GIVEN INFORMATION Start Marker

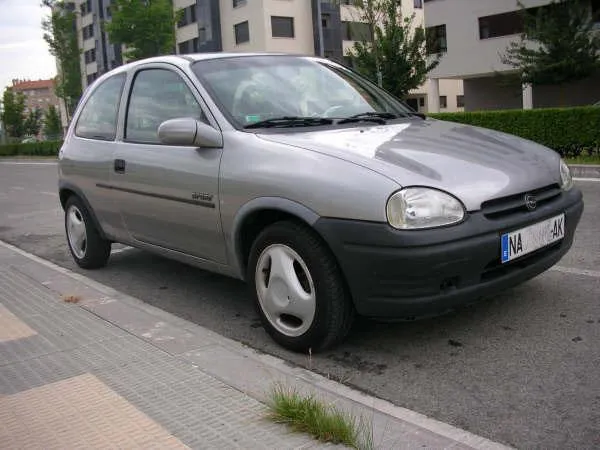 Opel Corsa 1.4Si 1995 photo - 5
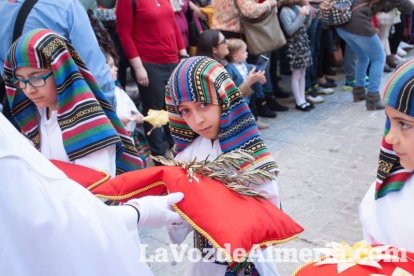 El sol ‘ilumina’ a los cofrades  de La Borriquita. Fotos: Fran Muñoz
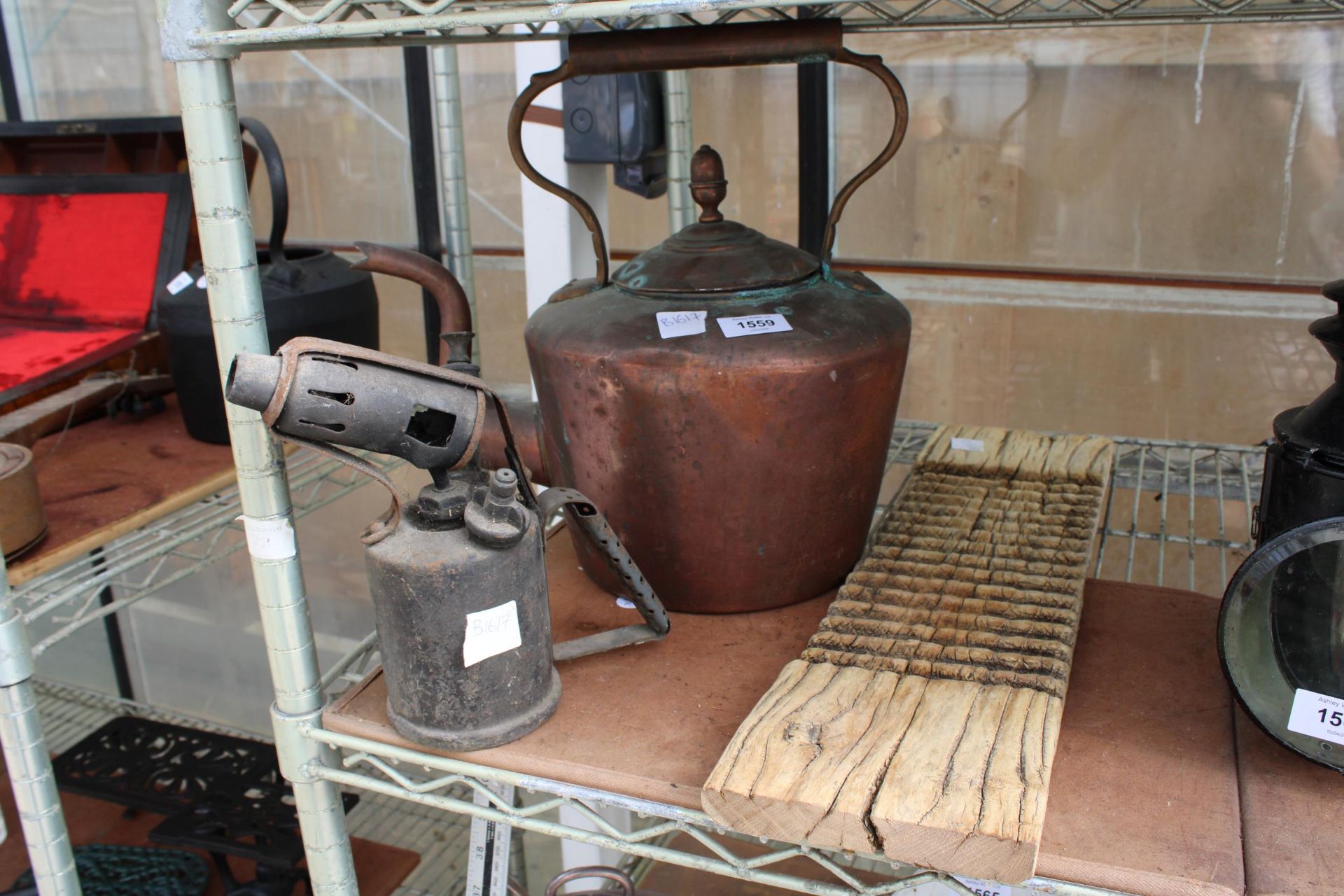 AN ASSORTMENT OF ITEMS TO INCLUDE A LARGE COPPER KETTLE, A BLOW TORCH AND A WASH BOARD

GIVEN INFORMATION End Marker

§ ASSIGNMENT
Copy every line above word for word and exclude the pictures.

§ ANSWER FOR THIS EXERCISE
 Opel Corsa 1.4Si 1995 photo - 5
 El sol ‘ilumina’ a los cofrades  de La Borriquita. Fotos: Fran Muñoz
 AN ASSORTMENT OF ITEMS TO INCLUDE A LARGE COPPER KETTLE, A BLOW TORCH AND A WASH BOARD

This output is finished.